Report all lines below with the word "wall".

Entries provided:
+++++

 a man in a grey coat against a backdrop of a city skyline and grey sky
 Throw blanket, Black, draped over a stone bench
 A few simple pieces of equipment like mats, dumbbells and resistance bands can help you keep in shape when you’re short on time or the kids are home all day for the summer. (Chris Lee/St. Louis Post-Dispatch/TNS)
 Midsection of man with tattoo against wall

+++++

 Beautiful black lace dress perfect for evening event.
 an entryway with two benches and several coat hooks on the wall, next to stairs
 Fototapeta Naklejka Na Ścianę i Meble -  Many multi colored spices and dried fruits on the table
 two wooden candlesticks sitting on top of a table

+++++

Exercise solution:
 Midsection of man with tattoo against wall
 an entryway with two benches and several coat hooks on the wall, next to stairs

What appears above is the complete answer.